American Thinker ^ | December 30, 2014 | Rob Schapiro

Posted on 12/30/2014 4:04:22 PM PST by Col. Bob

It is becoming clear that the probable fate of Air Asia 8501 is that it is at the bottom of the ocean after losing controllability at high altitude in heavy thunderstorm activity.

Fair enough, except none of those things should have made the least difference to a safe landing. Pilots encounter thunderstorms every day worldwide. It’s a routine part of the job. So why did this one make a difference? The problem is not the thunderstorms but with modern aviation practices.

As a retired high time international airline pilot, I feel qualified to give you a look at the practices in an airliner cockpit.

A professional pilot always expects things to go wrong.

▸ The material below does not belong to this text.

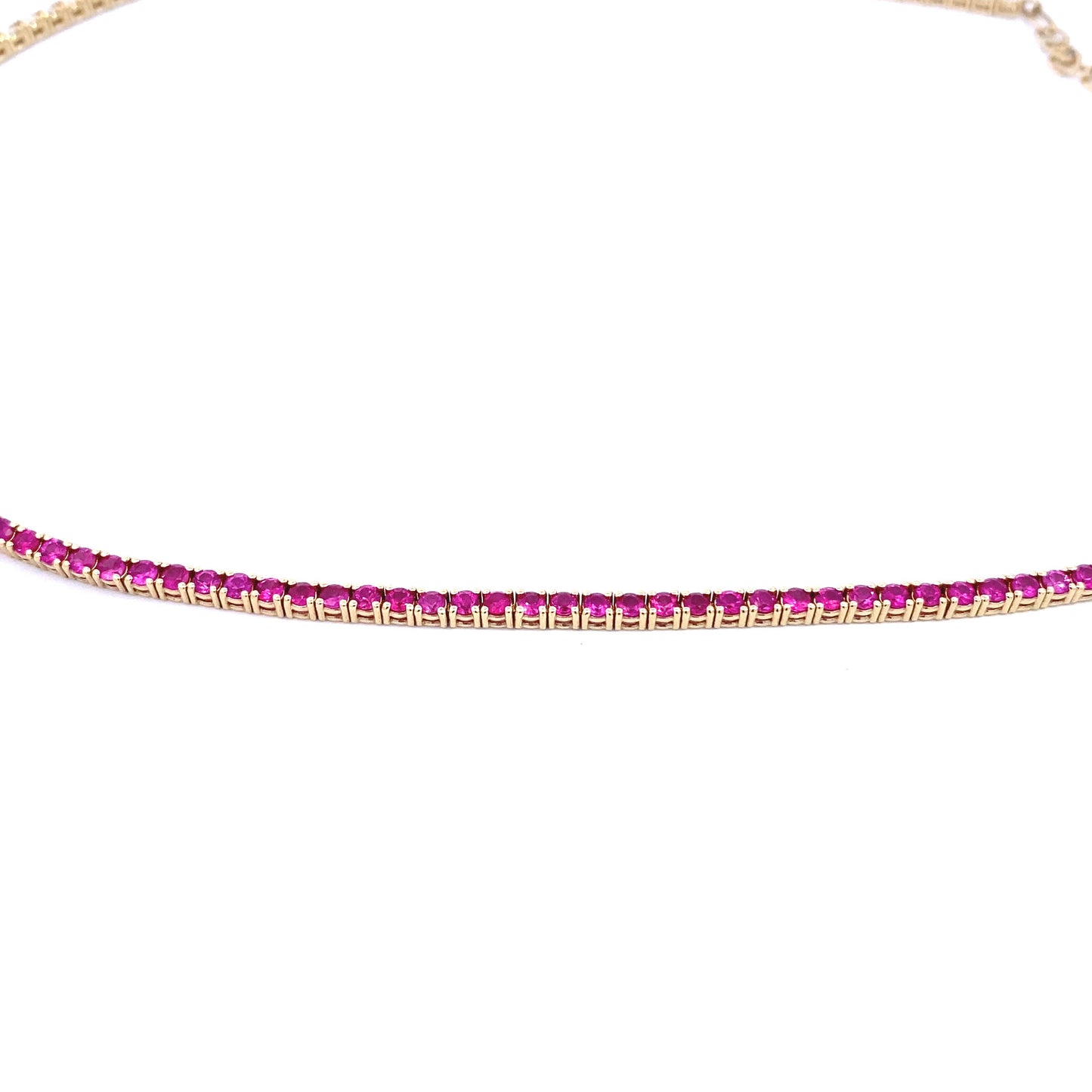 14K Yellow Gold Half Ruby and Diamond Necklace Choker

Nothing is normally taken for granted in the cockpit. The fact that a flyer flips a switch is no guarantee that the selected system is going to operate. Everything a pilot does in the cockpit is checked, crosschecked by the other pilots and then monitored by all to confirm it’s indeed working -- but it is never just assumed to be working. That’s called good airmanship.

A dangerous over reliance on automation and subsequent degradation of pilot hand-flying skills has led to a change in the traditional pilot mindset. Pilots now assume everything selected will function and if it doesn’t, the computers will warn them or take care of it.

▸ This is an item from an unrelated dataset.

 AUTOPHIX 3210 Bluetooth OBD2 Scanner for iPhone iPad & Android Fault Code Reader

Read more: http://www.americanthinker.com/articles/2014/12/air_asia_8501_when_will_we_learn.html#ixzz3NQdAA2PI Follow us: @AmericanThinker on Twitter | AmericanThinker on Facebook

Read more: http://www.americanthinker.com/articles/2014/12/air_asia_8501_when_will_we_learn.html#ixzz3NQcrOqw5 Follow us: @AmericanThinker on Twitter | AmericanThinker on Facebook

(Excerpt) Read more at americanthinker.com ...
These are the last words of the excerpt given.